George Bull

Written by: George Bull

George Bull

Senior Tax Partner

Are robots the latest tax-dodgers?

Concerns that tangible robots and invisible AI will devour human jobs have led to calls around the world that robots should pay tax.

So it's worth asking why only now are we hearing these calls, is taxing robots the right approach and is there an underlying problem which suggests a different response?

So why now? For much of the 20th and the 21st century, mechanisation has been seen as a good thing. While production lines and the rise of digital technologies have failed to deliver the age of leisure which many forecast in the 1960s, they’re not exactly hot news. Worried at public reactions to the idea of having to deal with machines, many developers within manufacturing companies have worked hard to give their robots a humanoid appearance. So, if it looks a bit human, and tries to communicate like a human, then shouldn't it pay tax like a human?

Luddites used sledgehammers to destroy textile machines which threatened the jobs and livelihoods of skilled workers. Today, taxation’s iron hammer is wielded by those concerned that commercial profits and individual incomes do not reflect social justice. Social commentators, academics and finance ministries are urgently assessing the impact of robotics and AI on employment in general and on tax revenues in particular. It's easy to identify the perceived problem. Some might say, ‘robots will take our jobs’. Although the rate of job losses is not clear, it's likely to be slower than people anticipate. Nevertheless, job losses will be followed by declines in income tax, social security contributions and other payroll taxes. Exchequers will see healthy tax flows replaced by increased obligations to pay social benefits. So far, so simple: why not tax a robot as if it was a person?
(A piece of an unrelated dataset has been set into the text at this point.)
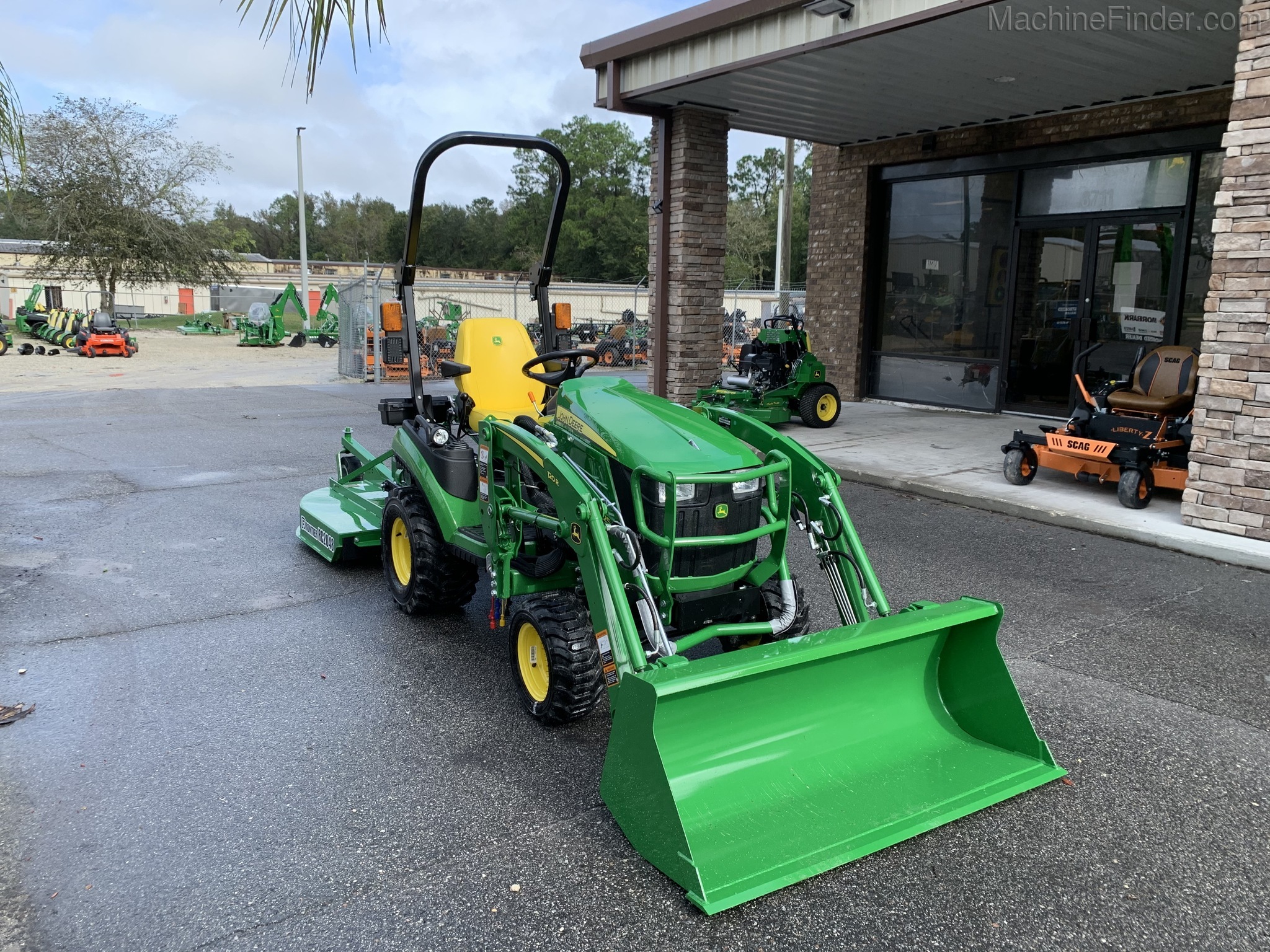 2020 John Deere 1025R Image 3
Neither robots (no matter how humanoid they might look) nor the AI which drives sophisticated machinery, highly evolved service-delivery mechanisms or financial transactions are anything other than tools by which businesses operate. They exist to boost business productivity and profitability. Taxing them as if they’re real people simply doesn't make sense. This brings us to the heart of the problem. In most G20 nations, the rate of tax which businesses pay on their profits (corporation tax in the UK) is less than the rate of income tax, social security contributions and payroll taxes paid by and in respect of the human workforce. So, increases in corporate profits promised by the rise of robotics will not result in a compensating increase in corporation tax receipts.

Realistically, only limited choices are available:

  1. increase the rate of corporation tax to compensate for the decline in labour taxes. With UK employment currently running at relatively high levels, the government is likely to have sufficient time to collect data and produce economic models on which reliable decisions can be based;
  2. reduce the tax incentives available for research and development. While that might contribute to the solution, it could be disastrous for advanced economies;
  3. broaden the tax base in other ways, for example through the implementation of a land value tax, through higher business rates for companies using robotics or AI, or through similar measures specific to business type or location.

This requires thought, consultation and careful planning. Budgets characterised by the latest great idea from the Chancellor of the day have no part to play in this.

Other issues must of course be taken into account. For example, should these changes to the tax system go hand-in-hand with the replacement of the current range of social benefits and tax credits with a universal basic income? And while some fear that robotics will further polarise income inequality, companies must recognise that they are unlikely to succeed unless the population at large has sufficient disposable income to spend on their products.